The [Street View House Numbers Dataset](https://www.openml.org/d/41081) contains 32-by-32 RGB images centered around a single digit of a house number appearing in Google Street View. Many of the images do contain some distractors at the sides. It consists of 10 classes, 1 for each digit. Digit '1' has label 0, '9' has label 8 and '0' has label 9. Your goal is to build a model that recognizes the correct digit.

In [0]:
%matplotlib inline
!pip install openml # Uncomment to run in Google Colab
import openml as oml
import numpy as np
import matplotlib.pyplot as plt
import sklearn
import pickle
import time

In [0]:
# Download Streetview data. Takes a while to download (5-10 min).
SVHN = oml.datasets.get_dataset(41081)
X, y, cats, attrs = SVHN.get_data(dataset_format='array',
    target=SVHN.default_target_attribute)

In [0]:
# To save time, you can save the dataset to a Google drive, and load it quickly later
from google.colab import drive
drive.mount('/content/drive')

with open("drive/My Drive/SVHN.pkl", "wb") as f:
    pickle.dump(X, f, protocol=pickle.HIGHEST_PROTOCOL)
    pickle.dump(y, f, protocol=pickle.HIGHEST_PROTOCOL)   
    pickle.dump(cats, f, protocol=pickle.HIGHEST_PROTOCOL)
    pickle.dump(attrs, f, protocol=pickle.HIGHEST_PROTOCOL)

In [0]:
# (Uncomment to) Load SVHN dataset from Google drive
# from google.colab import drive
# drive.mount('/content/drive')

# with open("drive/My Drive/SVHN.pkl", "rb") as f:
#     X = pickle.load(f)
#     y = pickle.load(f)
#     cats = pickle.load(f)
#     attrs = pickle.load(f)

### What is the shape of the image data X? How many images are there? Explain why each image has 3072 values.

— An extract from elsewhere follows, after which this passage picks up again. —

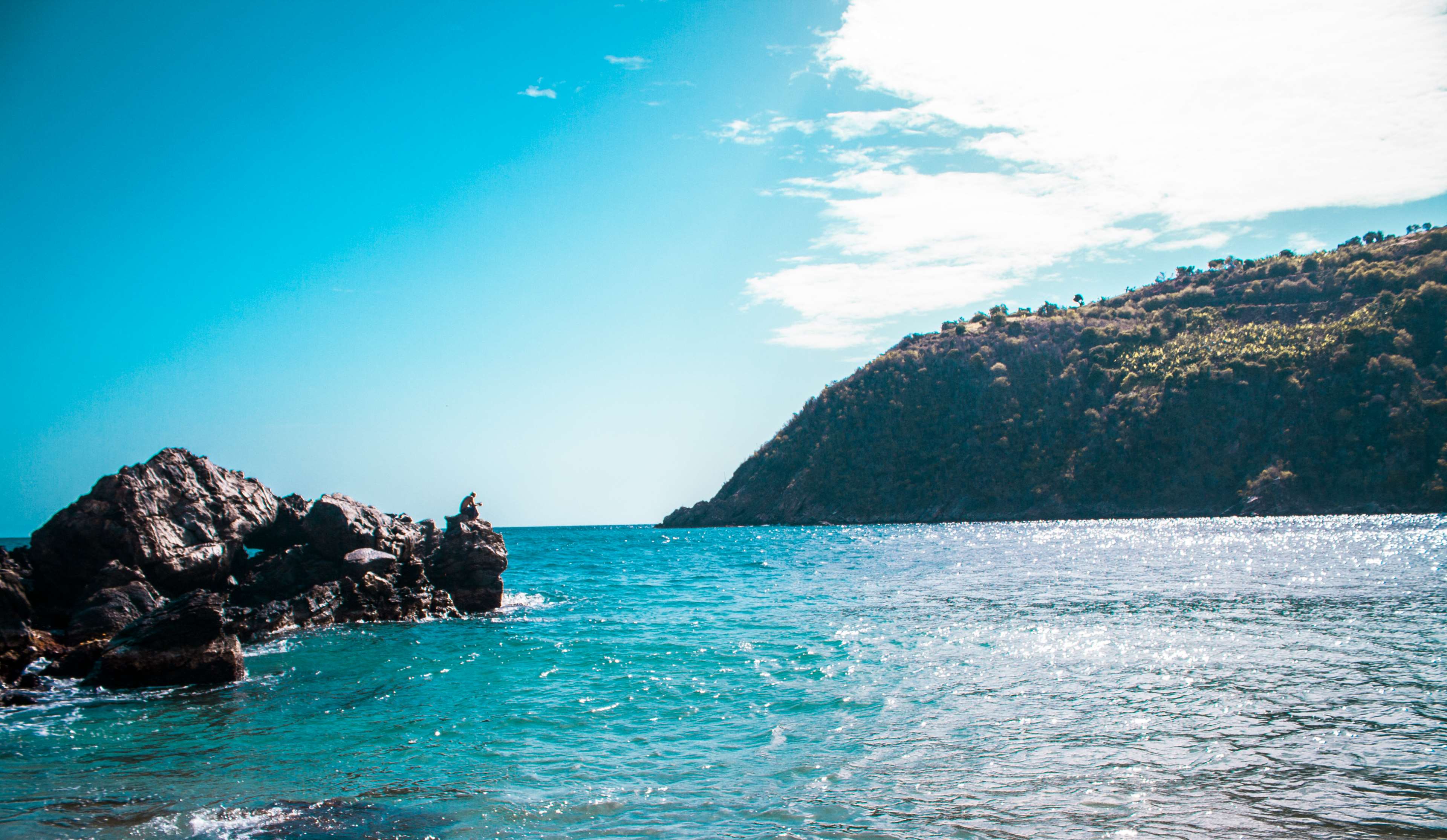 Person sitting on rocks in the ocean near a mountain HD Wallpaper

### You can use the following function to plot the first 10 images to get a sense of the data.

In [0]:
# Plots image. Use grayscale=True for plotting grayscale images
def plot_images(X, y, grayscale=False):
    fig, axes = plt.subplots(1, len(X),  figsize=(10, 5))
    if grayscale:
        [ax.imshow(X[n].reshape(32, 32)/255, cmap='gray')
         for n,ax in enumerate(axes)]
    else:
        [ax.imshow(X[n].reshape(32, 32, 3)/255) for n,ax in enumerate(axes)]
    [ax.set_title((y[n]+1)) for n,ax in enumerate(axes)]
    [ax.axis('off') for ax in axes]
plot_images(X[0:10], y[0:10]);

### Next, we will convert the images to greyscale and normalize the data to fall within the range 0 to 1. Plot the first 10 images to verify that the conversion worked.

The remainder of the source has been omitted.